This month, the FDA has announced the creation of a new Cell and Gene Therapy office to manage the number of new candidates coming into the agency. (scienceboard.net)
Of the 22 cell and gene therapies approved by the FDA, 14 are cord blood-based treatments. The remaining include two gene therapies, seven cell therapies, and five gene modified cell therapies. In total, cell and gene therapies represent just 7% of the 340 approved biologics.
There are currently over 1,000 ongoing clinical trials for cell and gene therapies registered with ClinicalTrials.gov. Of these, the vast majority are in Phase 1 and 2 trials, meaning that they are still far from commercialization, and most will not reach approval. (Source)
Here is a look at some interesting therapies in the approval pipeline.
Atara Biotherapeutics is a leading allogenic T-cell immunotherapy company pioneering the development of transformative therapies for patients with serious diseases by leveraging our novel allogenic Epstein-Barr virus (EBV) T-cell platform.
They currently have a clinical trial Phase 3 ongoing for Tabelecleucel (tab-cel®) for patients with Epstein-Barr virus associated post-transplant lymphoproliferative disease as well as other EBV-associated diseases.
Treos Bio is a clinical stage company introducing a disruptive computational technology to change the paradigm of cancer immunotherapy development by resolving the dual challenges of patient and tumor heterogeneity. We use proprietary therapeutic peptides, produced through commercially scalable processes without need for tumor biopsy, to stimulate clinically effective cancer-specific immune responses in patients predicted by our diagnostic tests to respond.
Their PEPI Panel is a unique approach for personalized cancer immunotherapy generation, their Peptide Library (PEPI Panel) currently contains 3,286 proprietary, immunogenic peptide fragments from 184 tumor antigens associated with 19 cancer indications that induce immune responses in the largest subpopulation of subjects, based on HLA genotype (both class I and II) of 16,000 subjects. PEPI Panel approach guides selection of 12 individual peptides tailored to the tumor type and HLA genotype of patients from a warehouse of off-the-shelf peptides permitting rapid, efficient manufacture of a personalized immunotherapy.

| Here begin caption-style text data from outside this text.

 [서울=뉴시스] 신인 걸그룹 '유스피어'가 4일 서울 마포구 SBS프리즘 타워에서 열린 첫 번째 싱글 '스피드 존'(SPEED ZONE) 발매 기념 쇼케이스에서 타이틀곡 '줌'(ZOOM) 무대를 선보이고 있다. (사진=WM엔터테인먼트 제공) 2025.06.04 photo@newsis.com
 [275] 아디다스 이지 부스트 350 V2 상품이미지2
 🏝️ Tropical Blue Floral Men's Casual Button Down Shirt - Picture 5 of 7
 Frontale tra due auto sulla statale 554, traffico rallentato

Sirnaomics is the first to achieve positive Phase IIa clinical outcomes in oncology clinical-stage RNA therapeutics biopharmaceutical company with a strong presence in both China and the U.S. that is discovering and developing innovative drugs for indications with significant unmet medical needs and large market opportunities. We have built a professional international team for the discovery and development of RNAi therapeutics and mRNA vaccines and therapeutics, based on our proprietary drug delivery technology platforms.
They have a variety of products in the pipeline including STP for basal cell carcinoma. In addition, they have products in the pipeline for ZSCLC, multiple solid tumors and a pan cancer panel. They are seeking partnerships for head and neck, bladder and liver cancer.
Istari Oncology – Immune checkpoint inhibitors have revolutionized cancer therapy, but their success is limited by a lack of preexisting anticancer T cells or the inability of anticancer T cells to overcome the immunosuppressive tumor microenvironment.
Lerapolturev is a unique immune activator with multiple mechanisms to stimulate a powerful anticancer response. It is based on polio virus, the only immune activator to target solid tumors vis CD155. It also targets key antigen presenting cells (APCs) within the tumor. They currently have clinical trials for melanoma and bladder cancer.